The discovery is reported in a paper published in the Proceedings of the National Academy of Sciences of the USA today.
Most people think that words and meaning are the two sides of the same coin and that the form of a word is the same as its meaning, or at least, that word and meaning cannot be split. However, this is not the case. Word forms have an existence of their own in the human mind, disconnected, from meaning- at least, for a fraction of a second.
Until now, in the field of speech production, it was unknown when exactly a word form is retrieved by the human brain when, for instance, people have to name a picture.
As Professor Guillaume Thierry of Bangor University, one of the paper's authors explains:
"If you have to say the word apple upon seeing the picture of an apple, the brain does not access the word form "a-p-p-l-e" instantly, it takes time, and until now, it was unknown exactly how much time it took. Along with colleagues at Pompeau Fabra and Barcelona universities, we measured exactly when word forms are retrieved by the brain. That happens about one fifth of a second after a picture is shown."
Thierry explains: "This is a very short time, but it makes a lot of sense if one considers that the average normal speech rate is about 5 words per second. Surely, if we can produce five words per second in normal speech, it means that we can dig each and every word from memory in about one fifth of a second."

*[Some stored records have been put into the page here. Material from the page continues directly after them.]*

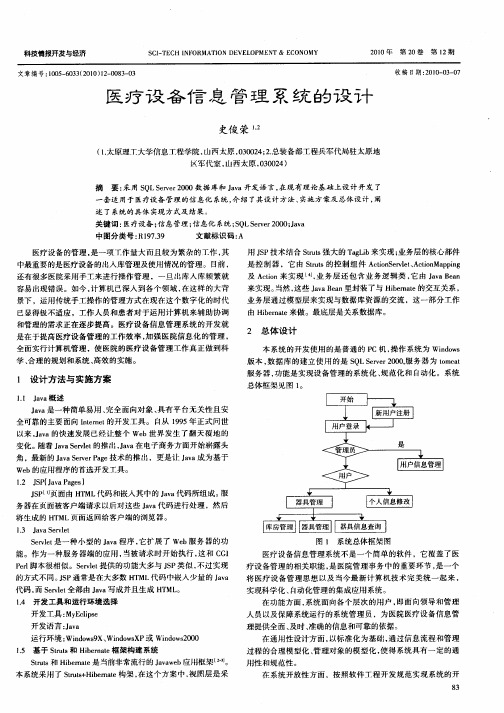 医疗设备信息管理系统的设计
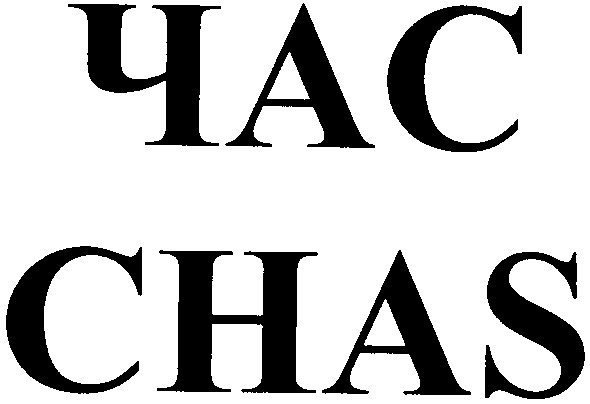 chas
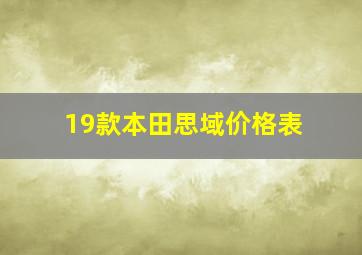 19款本田思域价格表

Thierry and colleagues hope to understand every stage of word production: analysis of meaning, word access, word retrieval and programming of speech. They also intend to do the same thing in comprehension to reach a full understand of the stages the human mind goes through to understand and produce language.
Their experiment combined picture naming and a technique which measures electrical activity produced by the brain over the scalp. It also pioneered the recording of brain activity over the scalp, while participants spoke out loud. This proved a technical challenge as mouth movements produce electrical noise stronger than the power of signals produced by the brain.
The research is the fruit of collaboration between language laboratories in Barcelona Pompeau Fabra and Bangor universities. This joint venture was made possible by the ESRC Centre for Research on Bilingualism in Theory and Practice in Bangor University, the sole centre dedicated to research on bilingualism in the UK.